44th Palanca Awards
| Palanca Awards |

= 1994 Palanca Awards =

The 44th Don Carlos Palanca Memorial Awards for Literature was held to commemorate the memory of Don Carlos Palanca Sr. through an endeavor that would promote education and culture in the country. This year saw the inclusion of a new category, Dulang Pampelikula [Screenplay], for the Filipino Division.

LIST OF WINNERS

The 1994 winners were divided into fourteen categories, open only to English and Filipino [Tagalog] short story, short story for children, poetry, essay, one-act play, and full-length play, plus the Dulang Pantelebisyon and Dulang Pampelikula, open only for the Filipino Division:

==English Division==

=== Short Story ===
- First Prize: Katrina Tuvera, "The Flight"
- Second Prize: Ma. Romina Gonzales, "Sanded Soles"
- Third Prize: Jessica Zafra, "Black"

=== Short Story for Children ===
- First Prize: Muriel Macaraig, "What is Serendipity?"
- Second Prize: Ma. Carla Pacis, "The Dream Weavers"
- Third Prize: Marilen Cawad, "Veronica"

=== Poetry ===
- First Prize: Ma. Luisa A. Igloria, "Journey to Luna and Other Poems of Passage"
 Clovis Nazareno, "The Link Immemorial"
- Second Prize: Ma. Luisa A. Igloria, "Enkanto"
 Fidelito Cortes, "Every Day Things"
- Third Prize: Alma S. Anonas-Carpio, "Random Access Memories"
 Leigh Reyes, "The Leavings of Family and Lovers"
 Ruel S. De Vera, "The Most Careful of Stars"

=== Essay ===
- First Prize: Ma.
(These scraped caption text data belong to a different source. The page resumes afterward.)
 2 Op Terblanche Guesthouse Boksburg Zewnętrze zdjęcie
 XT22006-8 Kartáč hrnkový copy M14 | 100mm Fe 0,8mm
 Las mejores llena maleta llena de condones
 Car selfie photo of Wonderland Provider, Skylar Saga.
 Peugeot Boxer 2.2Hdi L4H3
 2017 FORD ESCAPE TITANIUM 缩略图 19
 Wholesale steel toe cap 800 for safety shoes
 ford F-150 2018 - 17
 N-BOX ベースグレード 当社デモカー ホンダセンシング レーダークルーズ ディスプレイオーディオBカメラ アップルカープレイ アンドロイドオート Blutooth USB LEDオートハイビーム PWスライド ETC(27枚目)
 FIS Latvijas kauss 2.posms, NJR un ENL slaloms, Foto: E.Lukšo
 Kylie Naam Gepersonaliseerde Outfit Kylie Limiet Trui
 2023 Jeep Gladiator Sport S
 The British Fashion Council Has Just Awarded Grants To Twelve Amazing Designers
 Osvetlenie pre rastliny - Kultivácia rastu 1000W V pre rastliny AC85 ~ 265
Luisa A. Igloria, "Reclaiming Vanished Geographies and Identities"
- Second Prize: Marjorie Evasco, "The Ludic Pleasures of Eating Words"
- Third Prize: Roland Tolentino, "Bodies, Letters, Catalogues; Filipinas in Transnational Space"
 J. Neil C. Garcia, "Orlando Nadres and the Politics of Homosexual Identity"

=== One-Act Play ===
- First Prize: Nicolas B. Pichay, "In the Works Department"
- Second Prize: Dean Francis Alfar, "Loving Toto"
- Third Prize: Bobby Flores Villasis, "Caves"
 Corinna Esperanza A. Nuqui, "T.G.I.F."

=== Full-Length Play ===
- First Prize: No Winner
- Second Prize: Dean Francis Alfar, "Island"
- Third Prize: Rodolfo C. Vera, "Sky Legends"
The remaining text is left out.